Boston Dynamics is world-renowned for our ability to redefine the boundaries of what’s possible to do in hardware and software. Since our initial deployment, we have drawn on our experience at customer sites and our in-house expertise in perception, control, and planning to push the performance of our robot. We’ve expanded the types of cases we can move and increased the speed and reliability at which we move them. Boston Dynamics also recognizes the need for thorough testing, validation, and support as part of launching a product. Leveraging what we’ve learned from productizing our Spot robot, we’ve built teams and processes dedicated to reliability testing, quality assurance, field service, technical documentation, and technical support on Stretch.
Last, we need to practice like we play. We’ve created a large warehouse space where we test the hardware and software against the warehouse rigors of the real world. We’ve installed multiple types and brands of conveyors, we test with an assortment of case sizes and weights, and we put Stretch through a continuously changing set of case condition challenges, like damp cardboard, crushed cases, and weak tape. Testing every day in our own dusty and humid warehouse ensures our software and hardware deliver as expected for our customers.
We’ve built lightweight safety systems that enable Stretch to work at high speeds without drastically altering the inbound area. Our safety system is mounted onto a telescopic conveyor or offered as a collapsible fencing unit for flexible accordion conveyors that can travel from dock door to dock door. Both options are flexible enough to be deployed at different customer sites quickly, without major changes to existing infrastructure or operation.
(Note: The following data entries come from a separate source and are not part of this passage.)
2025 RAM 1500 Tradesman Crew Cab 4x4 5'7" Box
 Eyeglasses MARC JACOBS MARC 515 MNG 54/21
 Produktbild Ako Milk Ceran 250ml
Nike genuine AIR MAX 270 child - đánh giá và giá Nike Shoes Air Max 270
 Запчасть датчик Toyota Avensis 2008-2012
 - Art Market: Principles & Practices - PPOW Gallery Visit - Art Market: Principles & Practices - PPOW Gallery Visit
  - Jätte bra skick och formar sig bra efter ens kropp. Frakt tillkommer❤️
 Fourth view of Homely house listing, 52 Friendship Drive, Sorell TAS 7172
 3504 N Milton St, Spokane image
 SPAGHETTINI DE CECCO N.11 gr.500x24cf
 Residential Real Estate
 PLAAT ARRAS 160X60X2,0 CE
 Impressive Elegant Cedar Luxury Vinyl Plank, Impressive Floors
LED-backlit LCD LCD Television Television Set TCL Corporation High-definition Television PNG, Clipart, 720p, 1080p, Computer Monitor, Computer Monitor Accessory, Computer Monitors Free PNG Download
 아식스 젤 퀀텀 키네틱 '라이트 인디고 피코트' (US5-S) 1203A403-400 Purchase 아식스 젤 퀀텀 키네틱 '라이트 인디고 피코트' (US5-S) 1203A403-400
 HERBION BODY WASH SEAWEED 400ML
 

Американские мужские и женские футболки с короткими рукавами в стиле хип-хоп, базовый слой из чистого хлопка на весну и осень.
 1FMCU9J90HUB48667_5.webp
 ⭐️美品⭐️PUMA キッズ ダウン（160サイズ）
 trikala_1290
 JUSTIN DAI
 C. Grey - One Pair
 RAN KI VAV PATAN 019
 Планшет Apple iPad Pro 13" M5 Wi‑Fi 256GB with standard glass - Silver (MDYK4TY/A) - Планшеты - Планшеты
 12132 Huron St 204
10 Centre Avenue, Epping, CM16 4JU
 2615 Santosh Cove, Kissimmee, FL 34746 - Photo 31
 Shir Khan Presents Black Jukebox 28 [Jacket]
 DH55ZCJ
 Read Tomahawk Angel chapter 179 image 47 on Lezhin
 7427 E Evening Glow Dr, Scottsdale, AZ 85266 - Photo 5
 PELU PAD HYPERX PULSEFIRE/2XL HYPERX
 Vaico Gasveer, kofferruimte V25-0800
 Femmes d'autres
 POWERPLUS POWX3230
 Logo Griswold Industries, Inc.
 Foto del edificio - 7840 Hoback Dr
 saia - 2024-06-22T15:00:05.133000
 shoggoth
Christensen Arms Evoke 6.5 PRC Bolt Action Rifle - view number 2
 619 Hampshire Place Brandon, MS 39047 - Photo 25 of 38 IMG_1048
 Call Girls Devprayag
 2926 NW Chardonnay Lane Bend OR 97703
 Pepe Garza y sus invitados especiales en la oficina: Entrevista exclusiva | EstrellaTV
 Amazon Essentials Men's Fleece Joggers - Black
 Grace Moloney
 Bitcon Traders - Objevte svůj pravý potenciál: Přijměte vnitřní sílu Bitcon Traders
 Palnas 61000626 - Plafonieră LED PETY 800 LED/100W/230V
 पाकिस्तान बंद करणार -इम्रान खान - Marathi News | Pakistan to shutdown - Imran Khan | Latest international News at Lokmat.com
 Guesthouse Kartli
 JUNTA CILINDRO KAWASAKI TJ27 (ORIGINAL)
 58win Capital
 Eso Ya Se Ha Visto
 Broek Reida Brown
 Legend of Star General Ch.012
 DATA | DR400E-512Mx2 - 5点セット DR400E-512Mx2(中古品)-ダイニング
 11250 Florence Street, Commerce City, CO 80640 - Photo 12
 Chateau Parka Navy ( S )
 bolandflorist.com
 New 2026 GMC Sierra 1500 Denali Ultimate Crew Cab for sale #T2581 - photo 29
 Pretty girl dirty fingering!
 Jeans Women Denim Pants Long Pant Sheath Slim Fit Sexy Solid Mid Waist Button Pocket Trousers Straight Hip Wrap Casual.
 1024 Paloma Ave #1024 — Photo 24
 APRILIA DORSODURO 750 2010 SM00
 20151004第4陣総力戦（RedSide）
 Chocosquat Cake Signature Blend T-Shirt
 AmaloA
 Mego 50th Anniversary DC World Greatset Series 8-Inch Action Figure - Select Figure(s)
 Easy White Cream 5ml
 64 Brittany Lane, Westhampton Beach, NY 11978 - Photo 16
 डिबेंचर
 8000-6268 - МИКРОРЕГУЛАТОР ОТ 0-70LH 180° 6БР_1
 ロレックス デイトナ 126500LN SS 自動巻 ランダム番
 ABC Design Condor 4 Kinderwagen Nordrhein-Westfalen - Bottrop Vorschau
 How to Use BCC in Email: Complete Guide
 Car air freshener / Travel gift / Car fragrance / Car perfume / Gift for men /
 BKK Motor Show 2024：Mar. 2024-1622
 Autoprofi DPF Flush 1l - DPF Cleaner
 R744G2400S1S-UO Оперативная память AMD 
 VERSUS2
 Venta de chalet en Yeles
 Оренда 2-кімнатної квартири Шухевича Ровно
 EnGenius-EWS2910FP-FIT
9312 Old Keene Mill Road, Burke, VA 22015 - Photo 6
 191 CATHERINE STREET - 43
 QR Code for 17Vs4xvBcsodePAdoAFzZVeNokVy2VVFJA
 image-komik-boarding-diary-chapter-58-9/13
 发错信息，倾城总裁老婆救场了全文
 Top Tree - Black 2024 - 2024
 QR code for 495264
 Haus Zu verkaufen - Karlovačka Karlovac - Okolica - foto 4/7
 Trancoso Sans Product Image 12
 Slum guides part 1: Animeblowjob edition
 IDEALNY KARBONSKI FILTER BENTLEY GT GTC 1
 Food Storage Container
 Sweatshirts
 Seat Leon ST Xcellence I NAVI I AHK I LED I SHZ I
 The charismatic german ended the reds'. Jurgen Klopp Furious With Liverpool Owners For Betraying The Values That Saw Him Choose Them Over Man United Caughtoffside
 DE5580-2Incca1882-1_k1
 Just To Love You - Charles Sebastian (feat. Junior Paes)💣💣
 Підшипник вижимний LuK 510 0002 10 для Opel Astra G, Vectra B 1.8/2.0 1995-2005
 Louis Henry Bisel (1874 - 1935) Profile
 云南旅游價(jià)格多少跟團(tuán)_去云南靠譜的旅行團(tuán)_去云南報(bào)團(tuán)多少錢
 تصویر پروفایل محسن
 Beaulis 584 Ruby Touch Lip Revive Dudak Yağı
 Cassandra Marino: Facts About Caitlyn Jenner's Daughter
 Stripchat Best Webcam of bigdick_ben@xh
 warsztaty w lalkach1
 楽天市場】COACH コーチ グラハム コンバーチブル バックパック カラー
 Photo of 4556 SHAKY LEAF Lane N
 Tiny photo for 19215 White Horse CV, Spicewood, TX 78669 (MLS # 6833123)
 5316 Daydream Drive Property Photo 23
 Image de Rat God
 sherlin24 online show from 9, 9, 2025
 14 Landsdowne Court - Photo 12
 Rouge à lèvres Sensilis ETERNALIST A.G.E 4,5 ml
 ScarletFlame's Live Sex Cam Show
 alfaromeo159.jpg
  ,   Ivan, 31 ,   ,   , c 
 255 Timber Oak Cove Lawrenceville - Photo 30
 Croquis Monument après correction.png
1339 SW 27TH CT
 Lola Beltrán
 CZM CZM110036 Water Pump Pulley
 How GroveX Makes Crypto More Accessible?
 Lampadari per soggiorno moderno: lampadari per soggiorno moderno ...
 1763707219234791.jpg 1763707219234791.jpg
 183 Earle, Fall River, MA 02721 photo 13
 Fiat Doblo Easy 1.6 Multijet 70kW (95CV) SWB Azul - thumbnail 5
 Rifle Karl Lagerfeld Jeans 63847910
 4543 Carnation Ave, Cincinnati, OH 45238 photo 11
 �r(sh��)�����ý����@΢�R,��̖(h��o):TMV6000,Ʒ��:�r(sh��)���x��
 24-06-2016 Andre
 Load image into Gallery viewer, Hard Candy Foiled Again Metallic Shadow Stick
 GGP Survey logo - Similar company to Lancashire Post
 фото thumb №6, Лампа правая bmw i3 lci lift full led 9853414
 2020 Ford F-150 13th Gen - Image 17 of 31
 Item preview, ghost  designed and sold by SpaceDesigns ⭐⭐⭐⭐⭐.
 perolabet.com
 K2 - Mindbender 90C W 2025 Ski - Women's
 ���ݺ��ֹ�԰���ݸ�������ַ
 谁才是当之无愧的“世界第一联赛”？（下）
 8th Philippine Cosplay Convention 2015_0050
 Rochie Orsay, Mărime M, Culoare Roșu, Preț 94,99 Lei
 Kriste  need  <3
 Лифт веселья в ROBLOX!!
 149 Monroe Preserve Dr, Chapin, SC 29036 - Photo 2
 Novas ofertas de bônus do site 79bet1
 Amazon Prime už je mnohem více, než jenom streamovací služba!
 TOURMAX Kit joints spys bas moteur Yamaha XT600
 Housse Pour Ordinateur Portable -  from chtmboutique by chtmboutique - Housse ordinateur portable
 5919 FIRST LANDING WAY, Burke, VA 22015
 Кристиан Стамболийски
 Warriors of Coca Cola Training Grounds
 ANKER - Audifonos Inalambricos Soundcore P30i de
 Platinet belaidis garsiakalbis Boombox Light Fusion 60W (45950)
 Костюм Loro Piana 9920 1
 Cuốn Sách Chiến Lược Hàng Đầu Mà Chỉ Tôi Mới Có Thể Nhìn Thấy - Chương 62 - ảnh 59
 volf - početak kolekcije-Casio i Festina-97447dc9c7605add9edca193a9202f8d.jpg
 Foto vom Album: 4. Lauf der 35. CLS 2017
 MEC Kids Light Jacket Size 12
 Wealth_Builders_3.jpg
Our safety systems allow Stretch to unload trailers while ensuring the safety of manual unloaders working at adjacent dock doors. The systems are designed to augment the experience of operators in the warehouse; this means providing fast and intuitive interfaces for operator assistance in addition to keeping them safe.
Our customers have been close collaborators with us on this journey, allowing us to test a new piece of technology on site and giving us invaluable feedback. We’ve learned a great deal about how Stretch contributes to and fits into their operations.
Stretch has proven itself time and again to our customers, delivering the reliability and performance they need. At some sites, Stretch robots are taking on 100% of inbound floor-loaded containers. These robots are in use every day, and customers are expanding the number of Stretches deployed across their networks. We could not have gotten to this point without the partnership of our early adopters.
What’s next for Stretch? We’re excited to have surpassed the 1 million case milestone, and to see the growing impact of Stretch for our customers. But we’re not done yet. We’re always at work refining the robot’s performance, and designing new features to optimize the way Stretch works for our customers and operators. At Boston Dynamics we develop robots to tackle industry’s toughest challenges, and with Stretch we’re just getting started.